Once a small child discovers something that delights them, they want to experience it over and over. Any parent knows this all too well.
Stacking the blocks and knocking them over. “Do it again!”
Catching them when they jump in the pool. “Do it again!”
Pulling them around the block in the wagon. “Do it again!”
Nothing compares to watching a child revel in experiencing something for the first time, and then wanting to “do it again.” Of course, that activity can quickly become maddening if it includes repeated incessant buzzing or ringing from a toy, watching the same video for the 45th time, or a level of physical exertion that pushes you to the brink of collapse.
Let’s be honest, as much as we love our kids sometimes their desire to do the same thing over and over can be a pain in the ass. How often do we as adults ask for things to be repeated? “Do it again” is not part of our grown-up vernacular. Seeing or experiencing the same things over and over is boring or a waste of time. There are other things to accomplish, pressing deadlines to meet. We become jaded to so much that we experience every day, to the point that we no longer take notice of much of what’s happening around us.

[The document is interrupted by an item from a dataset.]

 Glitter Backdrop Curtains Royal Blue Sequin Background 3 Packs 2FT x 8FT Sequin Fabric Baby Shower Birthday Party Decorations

As parents on some level, we look forward to the time when our kids get bored with endless repetition. And, of course, eventually they do and the exultant cries of “do it again” become nothing more than distant echoes from a childhood long past.
I’ve been wondering lately, however, if this aversion to repetition is a sign of a deeper existential malaise that can afflict all of us as we age.
It’s a familiar adage: everything we need to know in life we learned in kindergarten. We tend to associate this maxim with the timeless life lessons about the Golden Rule, sharing, listening and compassion. But we tend to forget that “do it again” is still a common refrain in a kindergarten classroom.
At the risk of delving too deeply into spiritual matters, whatever your beliefs about the maker of the universe, it is undeniably true that the world is a very repetitive place. The sun rises and sets. The seasons change. Flowers bloom and then die. The tide rises and recedes. Over and over again, in predictable cycles for millions of years.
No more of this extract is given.